Já o filme mais adulto e elaborado desta edição, o japonês Drive my Car, venceu na categoria em que era mesmo favorito, a de filme internacional. Havia quem tivesse esperança de que ele repetisse a proeza do coreano Parasita que, dois anos atrás, acumulara as estatuetas de filme internacional, direção, roteiro e melhor filme. Parecia o anúncio de uma revolução em curso. Mas, como se verifica, era apenas uma ilusão. Como os rios voltam ao seu leito, Hollywood retornou à sua zona de conforto.
Desastrosa na atribuição do prêmio máximo, esta 94a edição apresentou acertos em outras categorias. O melhor documentário tinha mesmo de ser Summer of the Soul, sobre o grande festival de música negra de 1969, então eclipsado pelo de Woodstock. O troféu de melhor atriz foi para Jessica Chastain por sua caracterização de uma tele evangelista, Tammy Faye Messner, em Os Olhos de Tammy Faye. Ariane DeBose brilhou na refilmagem de Amor Sublime Amor e recebeu a estatueta de melhor coadjuvante. Troy Kotsur levou o troféu de melhor ator coadjuvante e fez um emocionante discurso em linguagem dos sinais. Foi o primeiro homem surdo a receber um Oscar. Era o prêmio que CODA realmente merecia.
No resto, tudo normal. Até mesmo troféu de melhor ator a Will Smith, embora o trabalho de Benedict Cumberbatch em Ataque dos Cães seja superior. Mas parece que a ordem era não inflar muito a bola dessa produção da Netflix. Em todo caso, a vitória de Smith é defensável. Muito mais que seu discurso lacrimoso ao receber o troféu. Vinte minutos após haver esbofeteado o colega em público, pediu perdão à Academia (mas não a Chris Rock), pregou o amor, a proteção à família e a paz entre os homens. Não deixa de ser uma metáfora para a relação entre nações: primeiro se agride, depois se defende a paz e o amor. A única frase sincera, em meio àquela torrente de lágrimas, foi a que dizia “que o amor nos leva a fazer coisas loucas”. Disso ninguém duvida. Quanto ao resto…
Caro Luiz Zanin,
como é que vão as coisas? Espero que tudo bem, apesar de toda esquizofrenia mundial. Como descemos a ladeira, hein? Sempre fui pessimista, mas, honestamente, não imaginava que a derrocada seria tão grande. A internet que deveria ser o farol de um novo iluminismo tornou-se, na prática, uma catalisadora do preconceito e do ódio. Essa onda de autoritarismo de todas as sortes e cores é prova cabal da nossa falência como espécie.
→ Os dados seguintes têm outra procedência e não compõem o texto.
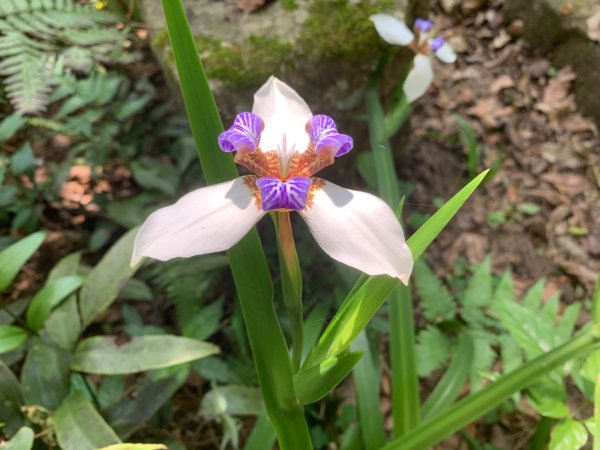 大崙頭尾山親山步道2767187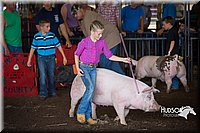 LCFAIR15-2369.jpg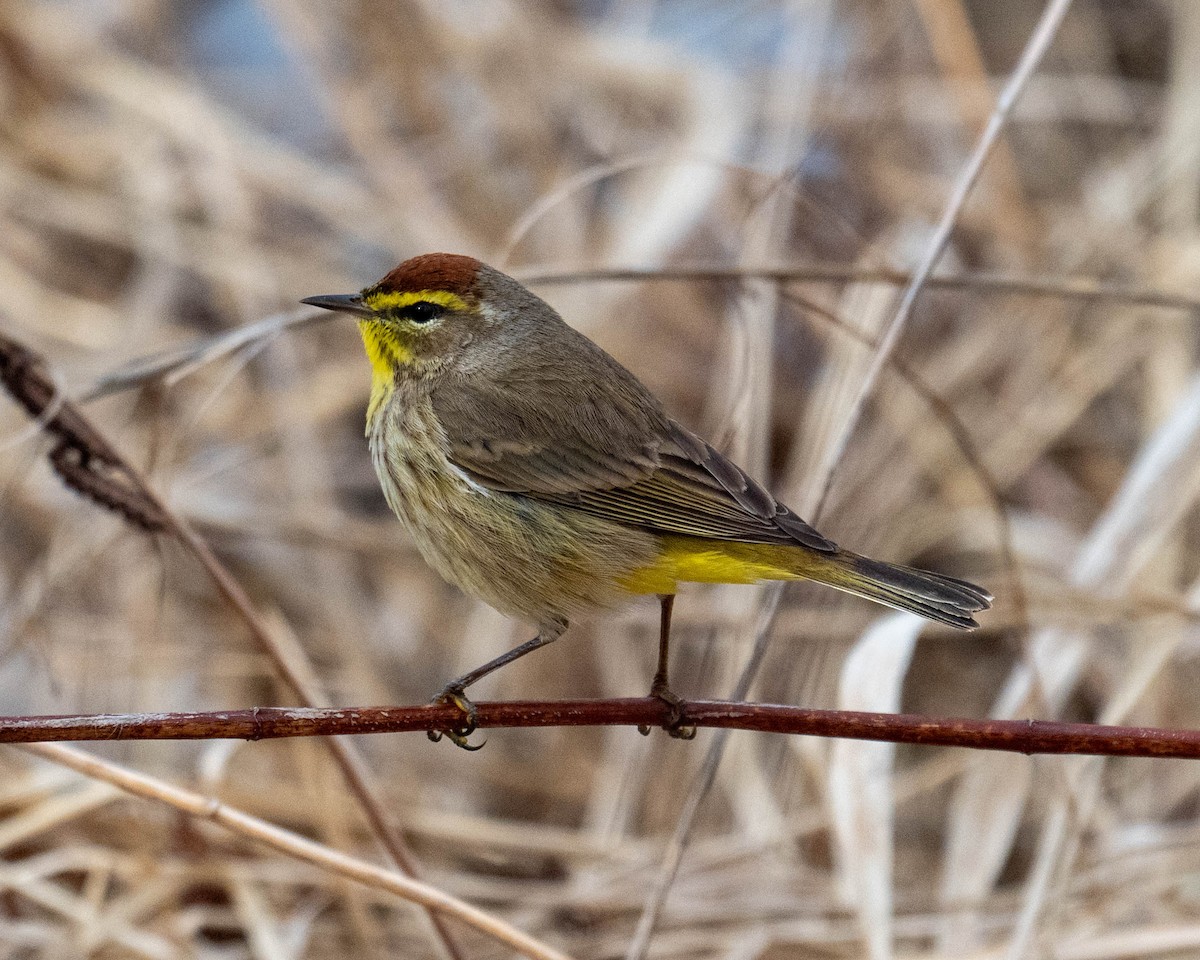 Palm Warbler - ML633936582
Definitivamente, emburrecemos. Os jornais são pálidas versões do que um dia foram. Livrarias, cinemas, teatros, tudo em extinção acelerada. Não há debate cultural, nada repercurte mais do que átimos. É muito pesaroso.
Um remake de um filme francês vencer o Oscar é sinal de como a criatividade anda em baixa em Hollywood. Também pudera, o progressismo exterminou a ideia de mérito. Hoje, impera um relativismo cultural que, ao invés de libertar, mais aprisiona e cercea do que qualquer outra coisa. Pouco importa o conteúdo, afinal, antes de tudo é preciso considerar se o artista é alguém socialmente “autorizado” a falar de determinado assunto. É a inclusão que exclui. Sendo assim, naturalizou-se premiar não o melhor, mas, sim, o mais inclusivo.
Sobre o tapa, é mais um indício da bestialidade generalizada. Uma ofensa travestida de humor seguida de uma agressão incosequente, na medida em que a cerimônia é transmitida para bilhões, e vergonhosamente imperdoável por ser um tempo de guerra. O discurso de aceitação foi tão patético que a estatueta parecia querer sair voando. O pior de tudo é que ambos lutaram tanto por representação no Oscar, e aí, quando têm, acabam dando munição aos racistas.
E o futiba? Que lástima. Ficamos incapazes de formar meias. Há vinte anos, Alex e Djalminha nem foram pra Copa. Hoje, seriam titulares com os pés nas costas. A escola piorou tanto que os jogadores brasileiros são incapazes de atuar coletivamente. Haja visto o baile que o palmeiras tomou no Mundial. O 7 a 1 deixou uma mácula que não sara.
Enfim, o mundo tá uma merda, mas a gente têm que tocar o barco, né? Um abraço, Zanin, muita paz e saúde para você e sua família.